Enter “Referee Cam.”
The WNBA plans to put mini-cameras on its refs during selected games. It's thought to be the first time such a telecasting idea has been used in a United States professional league. Fans will see on-court action, and hear players' and coaches' interactions, from the same angle that a game official does.
“I like it when the WNBA leads the way,” Richie said. “I think this is an example.”
ESPN and its affiliated networks also will expand their coverage of WNBA players and their backgrounds, showing their lives away from basketball.
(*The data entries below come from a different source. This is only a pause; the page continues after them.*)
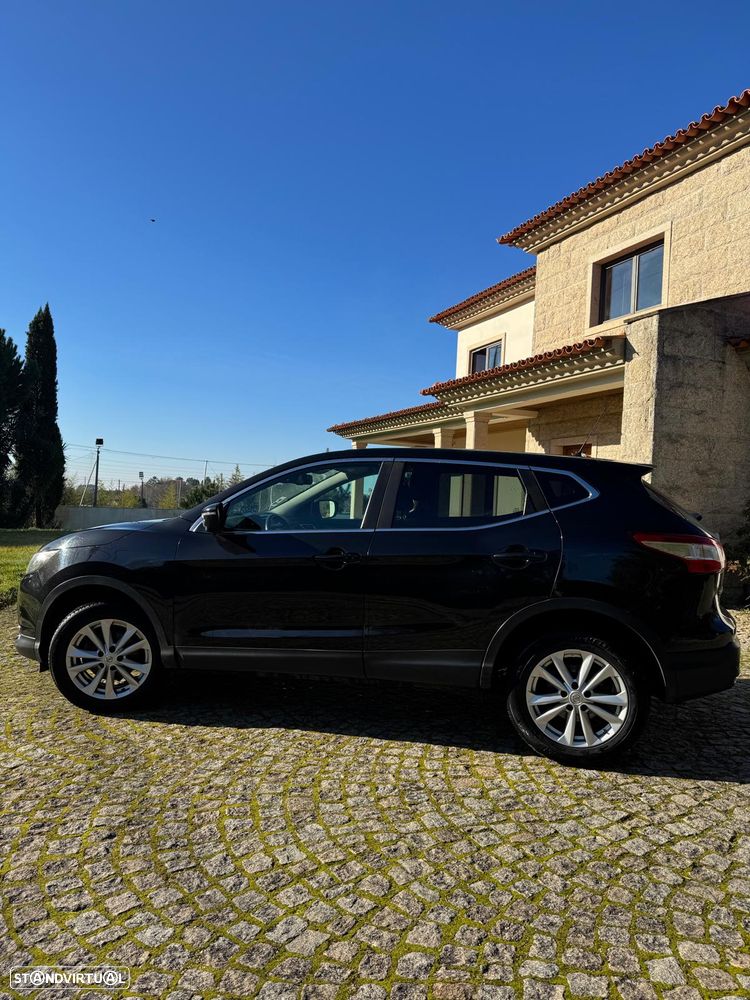 Nissan Qashqai 1.5 dCi N-Connecta - 6
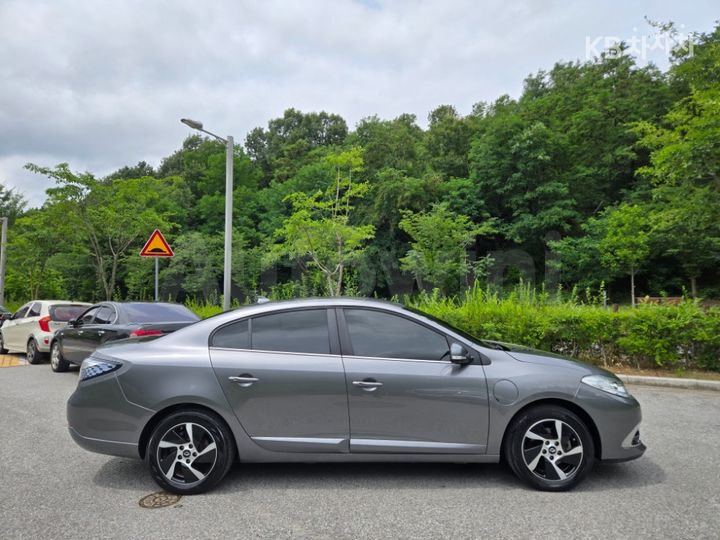 Renault SM3 2018 KNMC4Z2ZMJP005233 — 3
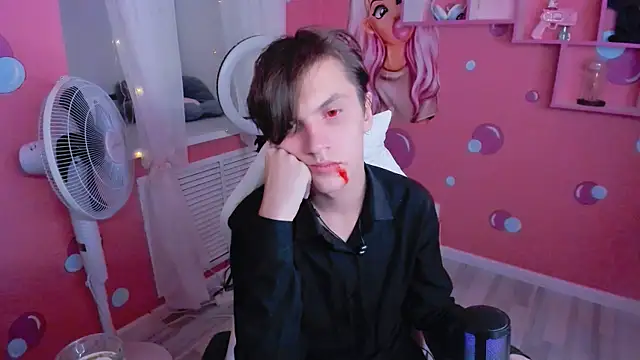 Snapshot of OttoWilliams chatting on October 31, 2025, 11:00 pm OttoWilliams online show from October 31, 2025, 11:00 pm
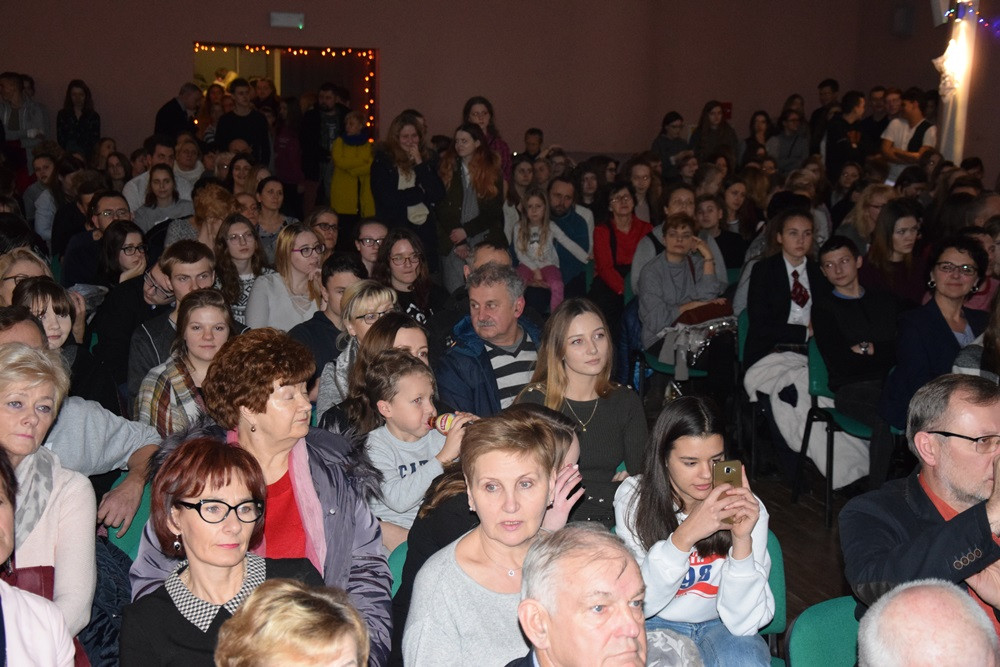 Nauczyciele Klasztornej kolejny raz dali popis gry aktorskiej w charytatywnych jasełkach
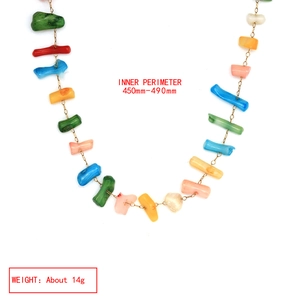 Détail du collier de perles en pierre colorée, circonférence 450-490mm et poids 14g
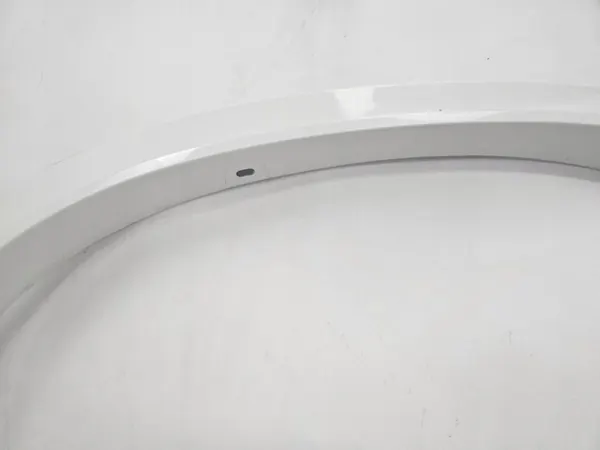 BMW X2 F39 M Package Takasuoja vasen OEM 8069163 image 9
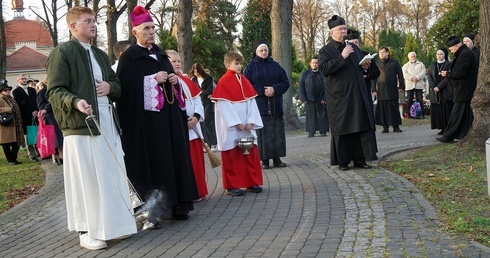 Nabożeństwo na cmentarzu Centralnym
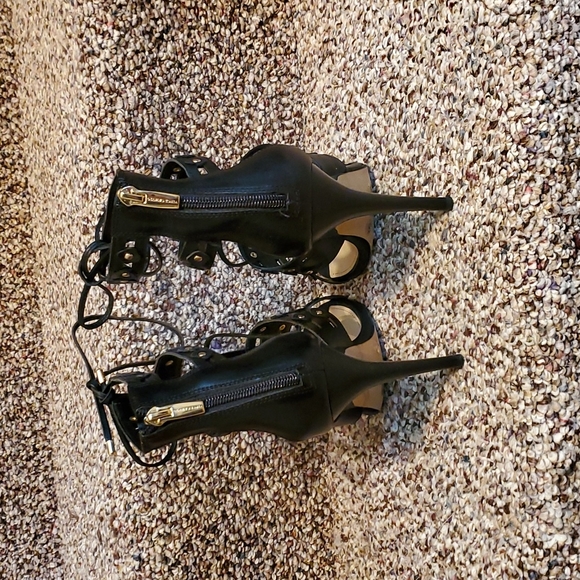 🖤💋Vince Camuto💋🖤Kazie lace up black heels with zipper, size 8. - Picture 10 of 16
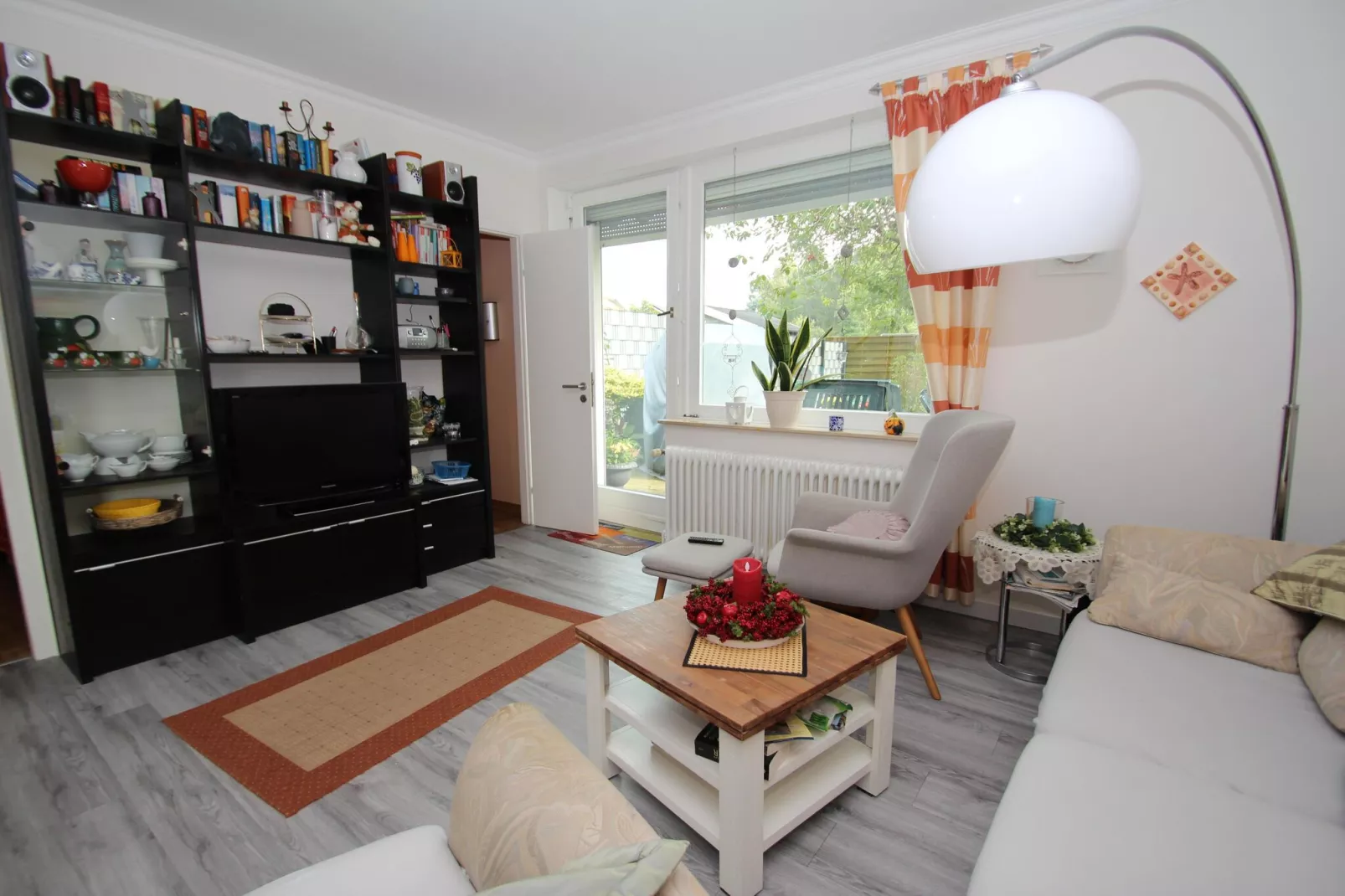 Bungalow Berumbur-Woonkamer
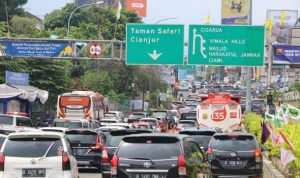 Hari ketiga Lebaran, Rabu (4/5) pagi ribuan kendaraan memasuki Jalur Puncak, Kabupaten Bogor. (Nelvi/Radar Bogor)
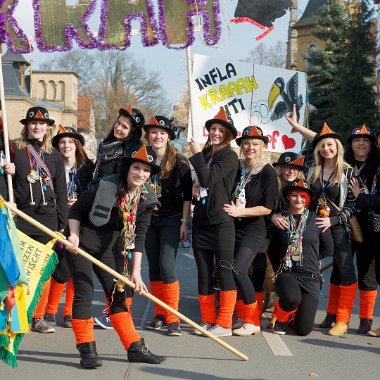 Großer Karnevalsumzug durch…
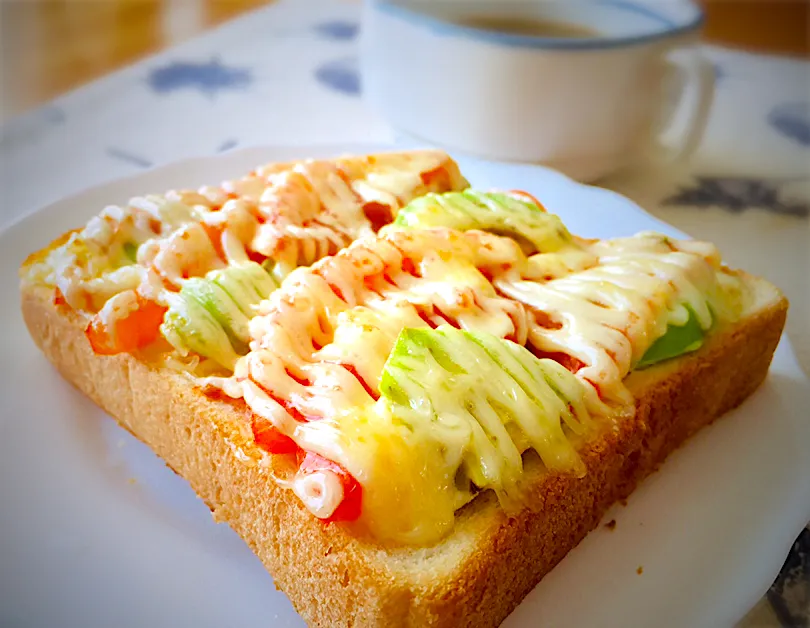 朝食
アボカドトマトトースト
スープ餃子|🌻ako ·͜·♡peco🌻さん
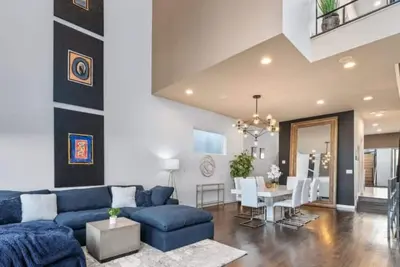 Image de Amazing 4br/4ba Oasis w/ Rooftop & Stunning Design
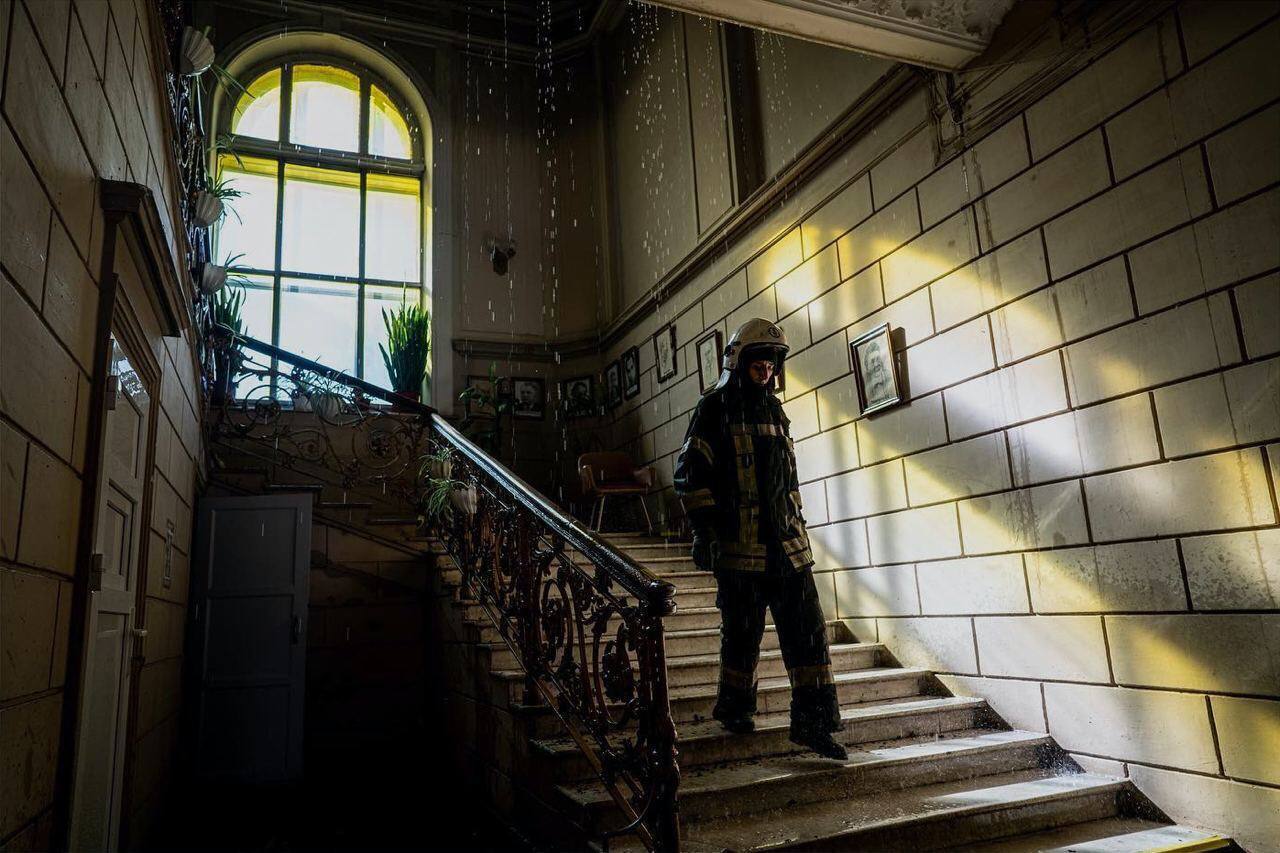 ’’Дякуємо за тисячі життів!’’ Зеленський вказав на виняткову роль українських рятувальників у війні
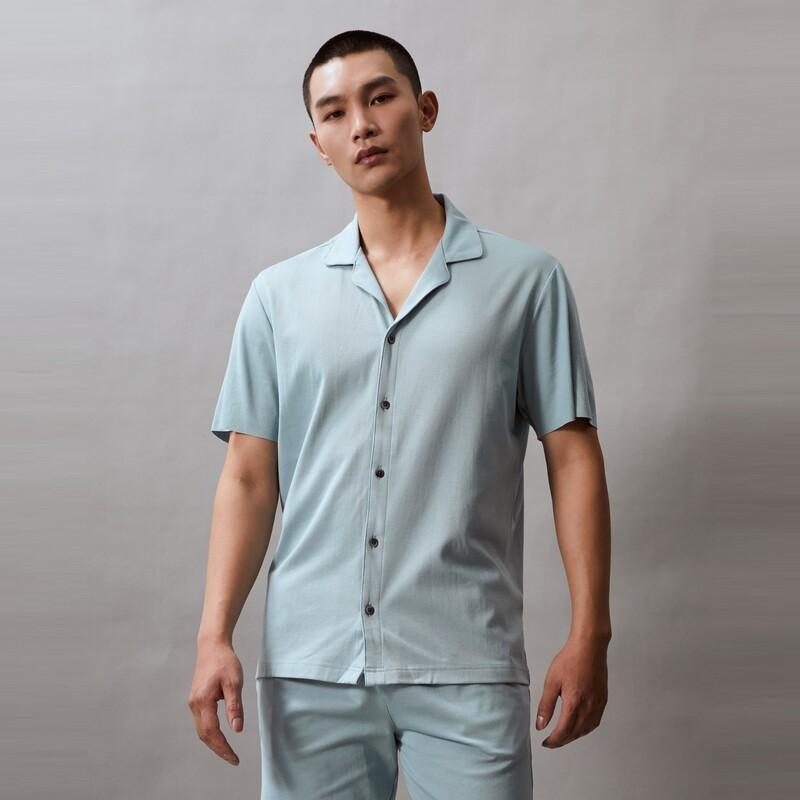 Пижама Calvin Klein с вышитыми пуговицами, зеленый
Пижама Calvin Klein с вышитыми пуговицами, зеленый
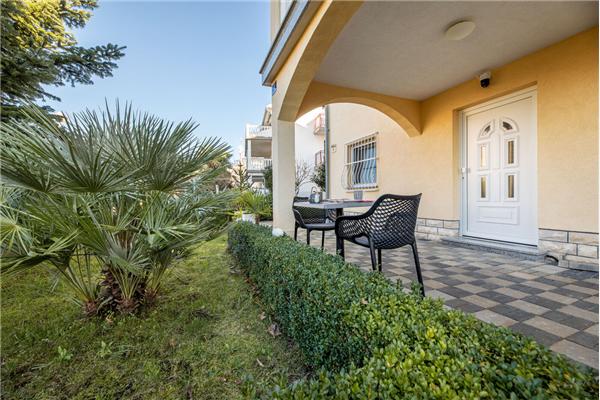 Room S1, for 2 persons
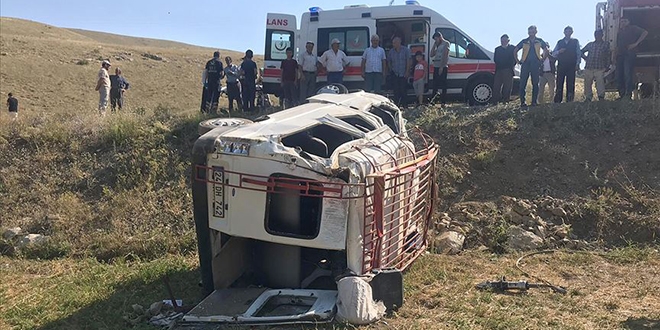 Gümüşhane'de minibüs devrildi: 1 ölü, 18 yaralı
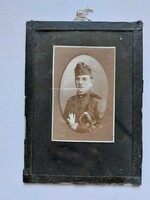 Régi fotó katona fénykép üveg alatt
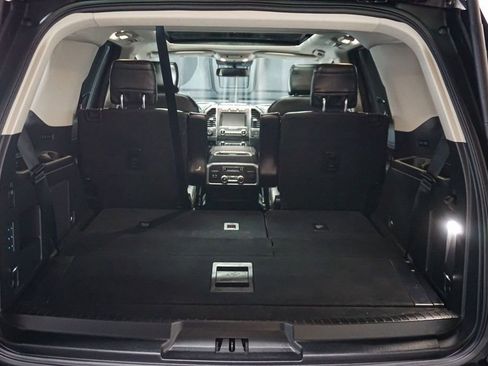 Used 2019 Ford Expedition Platinum image 50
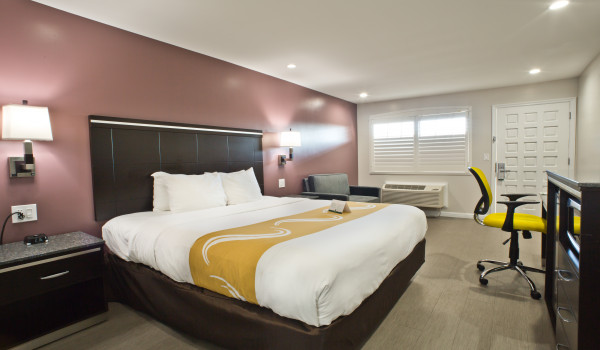 1 King Bed With Sofa - Non Smoking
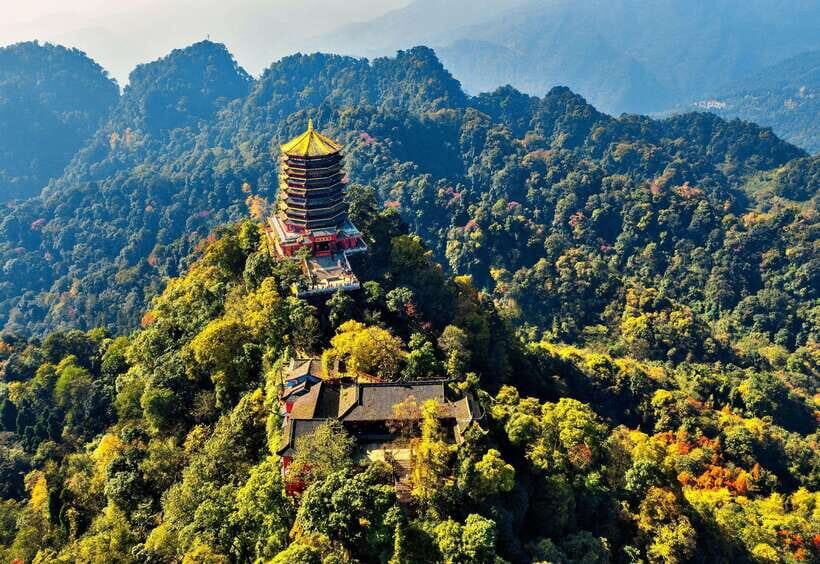 Mount Qingcheng Tour: Explore Serene and Sacred Taoist Site - What Travelers Say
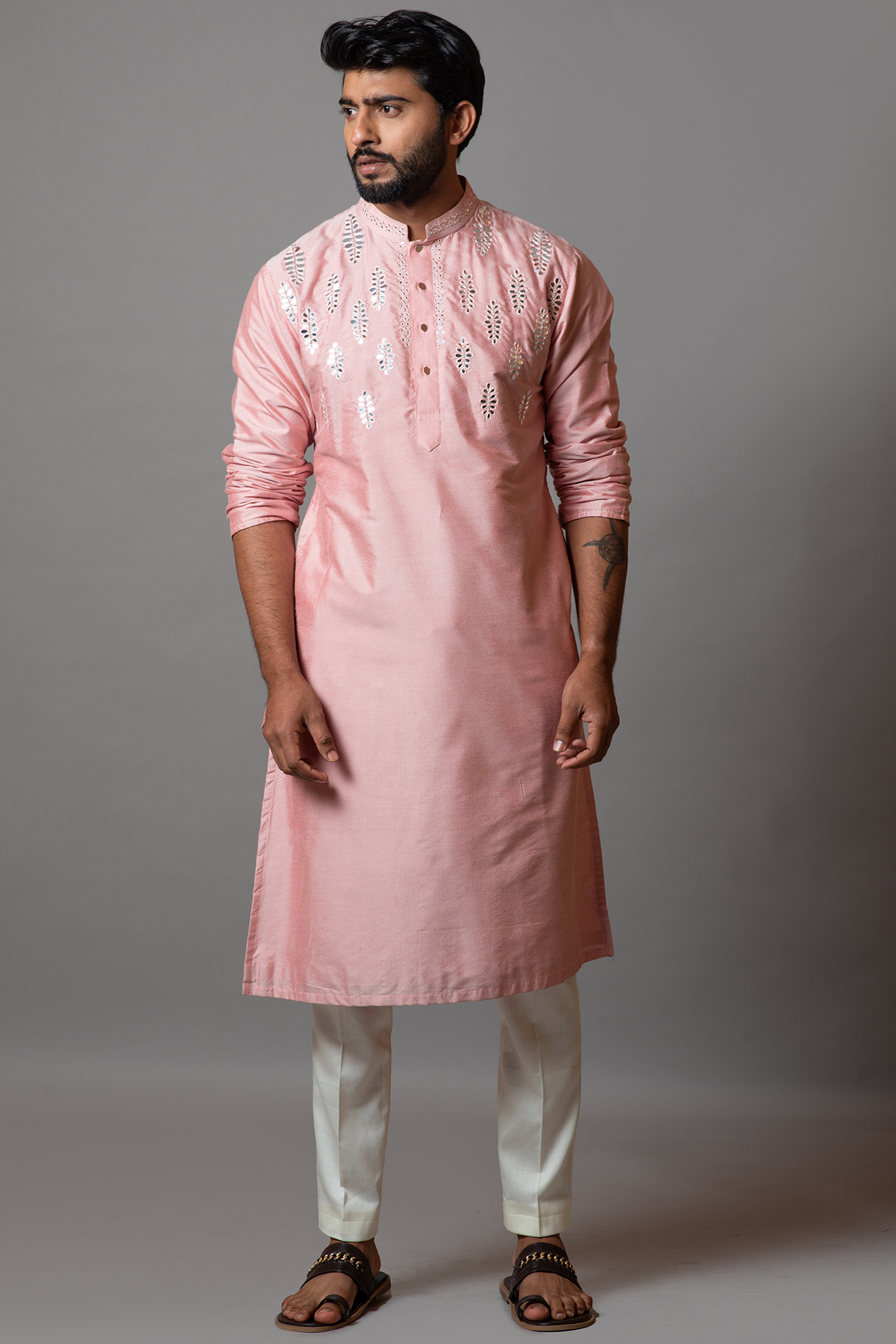 Onion Pink Cotton Silk Kurta Set by Smriti by Anju Agarwal Men at Pernia's Pop Up Shop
That's already begun, in part, with the network's focus on the league's top 2013 draftees -- Phoenix's Brittney Griner, Chicago's Elena Delle Donne and Tulsa's Skylar Diggins.
“I think we are seeing a draft class that is really game-changing in its depth and breadth,” Richie said. “This is 40 years after Title IX, 17 years after the league. Young women … are entering the league stronger, better, faster, more disciplined, well trained and well coached. The game, I think, is at a new level.”
With the WNBA on an upswing, Richie was asked about the possibility of league expansion. There are currently 12 teams. Six are aligned with NBA teams, including the Fever, which is part of the Pacers Sports & Entertainment organization. The Connecticut Sun, Tulsa Shock, Atlanta Dream, Seattle Storm, Chicago Sky and Los Angeles Sparks are not partners with NBA clubs.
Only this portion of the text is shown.